I've tried to integrate the values of the HiTechnic accelerator before. I put it "level" on my desk and calibrated it, i.e. so that it's current orientation is "even/level". Then I just moved it to the right a bit. The resulting plot can be seen here. It shows speed, and you can nicely identify the problem: The speed doesn't return to 0 after integration -- the samples don't cancel each out perfectly. No imagine how bad this gets when performing a 2nd integration.
Regards, Linus
The problem is at least partially how you are doing it. You can sample the HiTechnic sensor at best about once every 20 ms... meaning you have no idea what's happening in between, and all the measurement times are at best +/- 20 ms or so. Then there's the integration technique used... straight Newtonian? Leapfrog? Runge-Kutta? A lot of simple techniques just point out how the problem shouldn't be handled... not that it's intractable.
This is why I'm curious what the *sensor* does, before ever sending anything to the NXT. If the NXT has to constantly sample the sensor, and then laboriously spend cycles crunching the numbers (especially in a language as unsuited to it as NXT-G)... not only will it end up inaccurate, but too busy to do anything else.
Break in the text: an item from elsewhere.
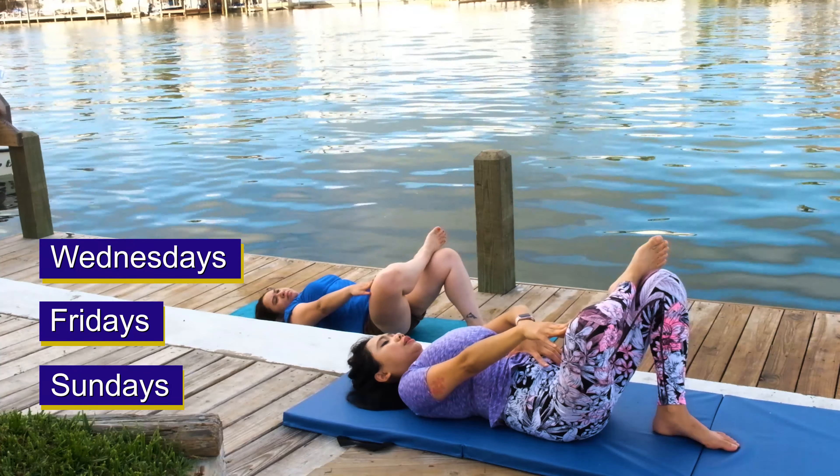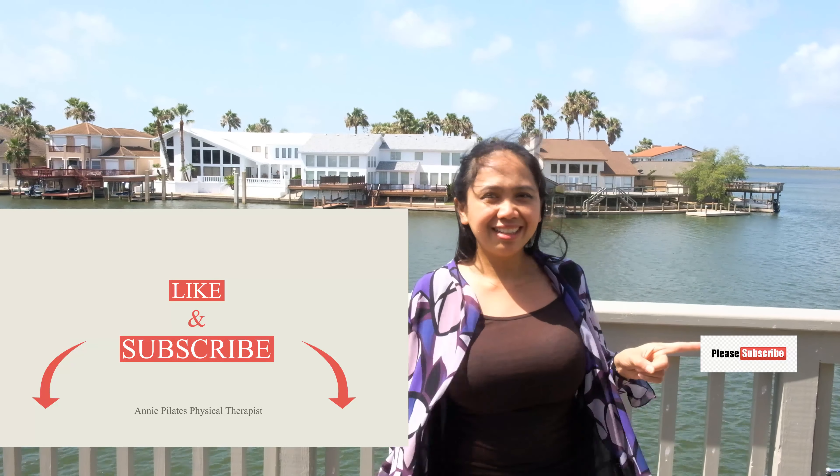I upload videos every Wednesdays, Fridays, and Sundays — another lovely Pilates and Yoga Fusion. I'm hoping this video will help you feel stronger and healthier. Please like and subscribe to my channel, and hit the notification bell for future updates just like this one. Until next time, have a great and healthier you. Bye!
If instead the *sensor* has a small processor dedicated to this task, things become much more reasonable. The NXT doesn't have to constantly keep track of everything (or do the integrations) if the sensor is 'smart' enough to handle it all behind the scenes...
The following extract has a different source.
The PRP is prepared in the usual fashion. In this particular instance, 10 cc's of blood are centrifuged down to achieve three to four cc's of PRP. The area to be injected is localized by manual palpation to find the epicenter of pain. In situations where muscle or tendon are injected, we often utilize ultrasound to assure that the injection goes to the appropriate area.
I didn't do the integration in real-time, but I logged the values for later offline processing. One thing that can be handy is my NXC suite for "Datalogging to memory", so that there's not latency. After program finish, a CSV file is created and written to flash. If anybody is interested: LogToMemory.nxc.
I used everything from MATLAB's bag of tricks for integration, and tried some simple Runge-Kutta and Trapezoid methods. Interestingly, the results didn't differ that much. I'd really love to show you the graphs (different colors for different integration methods), but I can't find the or maybe I didn't save them :-(.
My explanation back at the time was, as you said: One has no idea what's happening between two measurements! Also I guess that my table wasn't perfectly horizontal, so during my movement, I sooner or later started integrating some gravity...
The thing is, this is commonly known stuff - it's not like functional IMUs are new technology, they've been used in planes for instance for some time, rockets, etc. Yes, this was all long before GPS... because GPS was difficult, and IMUs were well understood. Now they've been miniaturized. And gotten significantly less expensive. And lower power. But the NXT, with slow calculations and even much much slower I2C speeds, really can't take advantage of them properly.
As to the table issue - that actually can be addressed. Now and then, you calibrate your IMU. For a simple NXT robot. Stop the wheels, and wait, say, 2 seconds, then take 1 second worth of data. Due to the physics of the situation, you *know* the robot is stationary during that time - so the only acceleration present is gravity. That will have a vector direction, which you then can subtract out of your data under "normal" conditions. You probably have to do this repeatedly, because different spots on the table (or floor) will have slightly different angles... and if the surface is rough, you may have to use more sophisticated leveling tricks (like doing this half a dozen times with very small movements in between to judge the surface slant instead of just the very small scale surface roughness). All these things can be done... but it's not as simple as sticking an IMU on, integrating, and thinking that's going to work. That last mindset is what I'm most concerned with on sensors like these... as I still spend a lot of time answering really simple misunderstandings about the acceleration sensor.